One of the biggest moments of fashion week was when Carla Bruni, Claudia Schiffer, Naomi Campbell, Cindy Crawford and Helena Christensen came out at the finale of Versace’s show in homage to the late Gianni Versace.
In the late ’80s, the notion of a supermodel as we know it today began to take shape. In 1990, Crawford, Campbell, Christy Turlington, Linda Evangelista, and Tatjana Patitz appeared on the cover of British Vogue and quickly became thought of as the “Big Five.”
While in past eras models had mostly been nameless faces, models in the 1990s were stars in their own rights, earning thousands of dollars for each appearance — a fact that led Evangelista to infamously say, “We don’t wake up for less than $10,000 a day” in an interview with Vogue about how she and other models had changed the game.
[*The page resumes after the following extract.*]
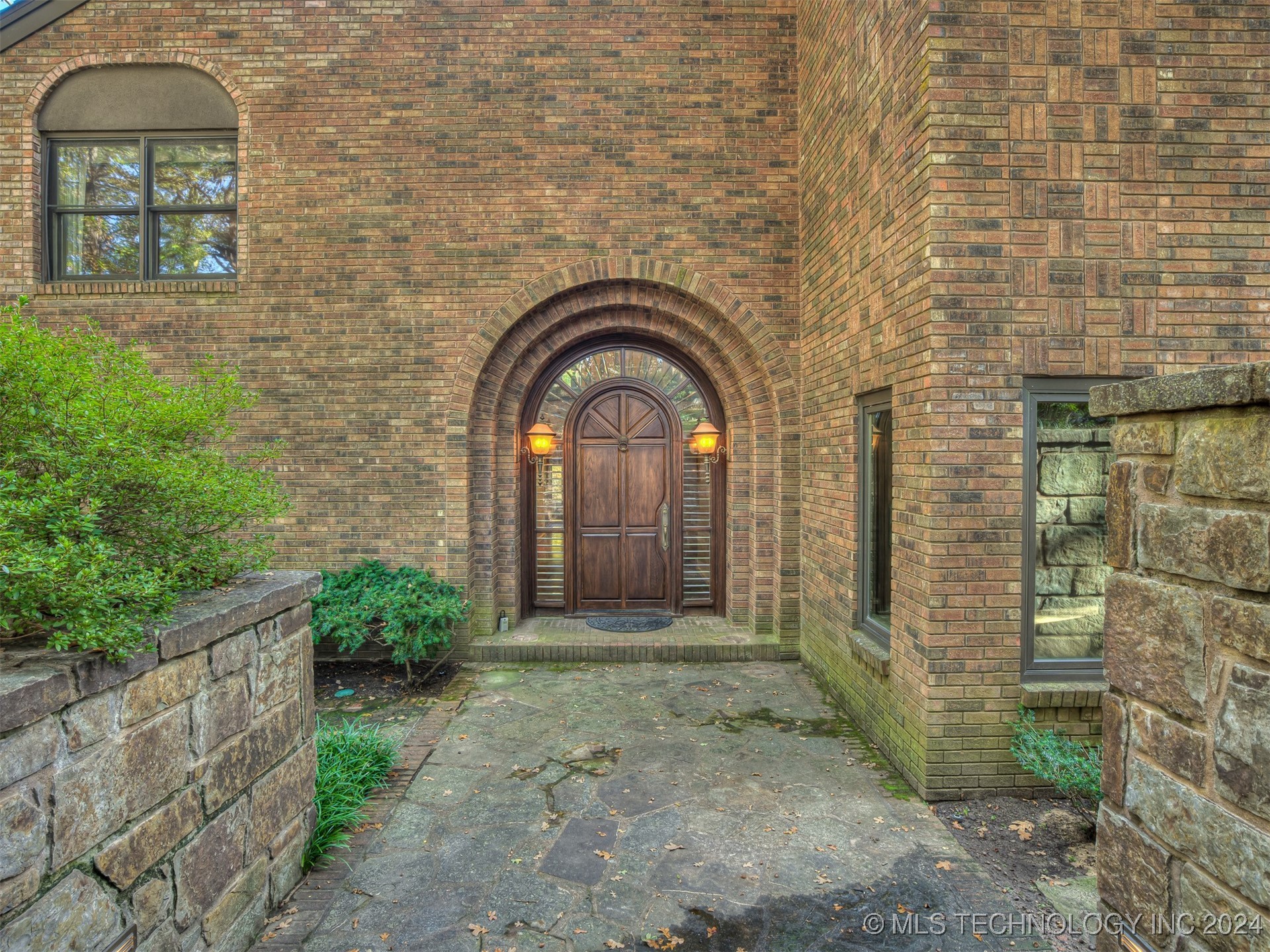 11475 S Yale Avenue Property Photo 4
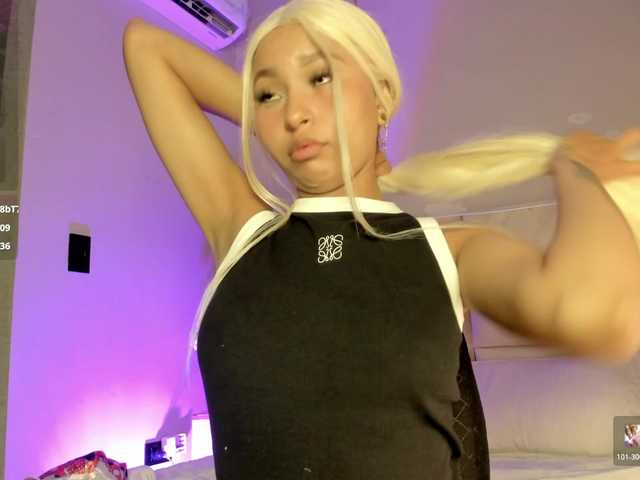 Heicel-'s BongaCams show and profile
These models were able to capitalize on their celebrity outside of the catwalk, with some, like Christensen, transitioning into acting and others, like Crawford, establishing lucrative endorsement deals with big brands, such as Pepsi.
Eventually, the big-name models gave way to a new era: heroin chic, characterized by stick-thin, androgynous looking models. Kate Moss, in possession of a different kind of figure than her predecessors, became the face of this movement. Controversies surrounding pay gave way to controversies surrounding eating habits, and Moss in particular is remembered for saying, “Nothing tastes as good as skinny feels.”
Today’s generation of supermodels is characterized by social media more than ever before, with models such as Gigi Hadid and Kendall Jenner building up giant followings on Instagram and Twitter. And one of the newest stars bears a striking resemble to Crawford: Her 16-year-old daughter, Kaia Gerber, became a breakout star of the spring 2018 shows.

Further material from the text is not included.